No quotidiano, estes e estas utentes encontram já várias barreiras no acesso e manutenção de cuidados de saúde. Receamos, como profissionais de saúde, que a nossa prestação de cuidados à população, nomeadamente a estes e estas utentes, possa vir a sofrer uma limitação adicional, agravando desigualdades e desfavorecendo uma população que se encontra frequentemente em situação de vulnerabilidade. A exclusão, prevista neste Projeto de Lei, é particularmente prejudicial para quem necessita de cuidados de saúde e vigilância específicos, nomeadamente crianças, adolescentes e pessoas grávidas. Finalmente, alertamos para que se possa vir a colocar em risco a saúde pública de toda a comunidade, uma vez que deixa de estar assegurado o acesso gratuito e regular à vacinação, bem como a adequada abordagem de doenças transmissíveis que representem ameaça para a saúde pública.
Preocupa-nos ainda que a limitação no acesso a cuidados preventivos e atenção primária contribua para uma procura adicional pelos serviços de urgência (SU), que passarão a ser a única porta disponível de acesso ao SNS. Receamos também que esta medida contribua para o desenvolvimento, progressão e agravamento de situações patológicas graves e complexas, por ausência de abordagem e diagnóstico atempados. De acordo com a evidência gerada e publicada a partir do estudo de várias realidades europeias, este tipo de limitações representa um agravamento na despesa final em custos médicos e não-médicos. Por oposição, esta alteração legislativa não se baseia em números, ou evidência de que a sua aplicação possa de algum modo contribuir para resolver problemas estruturais ou de financiamento do SNS. De acordo com o relatório da Inspeção-Geral das Atividades em Saúde, menos de 1% dos episódios de urgência de 2023 foram atribuídos a estrangeiros não residentes, sem subsistema de saúde. E, nesta categoria, incluem-se os 26 milhões de turistas que visitaram Portugal nesse ano. Ou seja, o impacto dos migrantes com situação por regularizar é desprezível e não coloca em causa os serviços do SNS.
Finalmente, este Projeto de Lei colide com várias disposições previstas nos códigos deontológicos que regem as nossas profissões. No que diz respeito ao Código Deontológico Médico, o artigo 8º, relativo às Condições de Exercício, prevê que o médico não deverá aceitar “situações de interferência externa que lhe cerceiem a liberdade de fazer juízos clínicos e éticos” e o ponto 5 do Artigo 4º, relativo aos Deveres, prevê que o médico “deve prestar a sua atividade profissional sem qualquer forma de discriminação”. Neste âmbito, a serem regulamentadas e aplicadas as disposições do presente Projeto de Lei, a proteção da saúde da população visada, no âmbito da Ética e a Deontologia que regem as nossas profissões, poderá justificar ações de desobediência civil.

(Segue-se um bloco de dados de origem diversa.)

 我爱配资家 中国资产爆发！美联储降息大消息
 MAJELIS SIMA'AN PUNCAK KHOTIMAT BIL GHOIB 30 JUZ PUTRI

À semelhança da posição tomada por milhares de colegas nossos que, em França, assinaram um compromisso de honra em como iriam tratar sempre os cidadãos e as cidadãs visados/as por uma iniciativa legislativa similar, entretanto abandonada, dizemos: “Utentes daqui e de outros lados, a nossa porta está aberta para todos. E assim continuará.”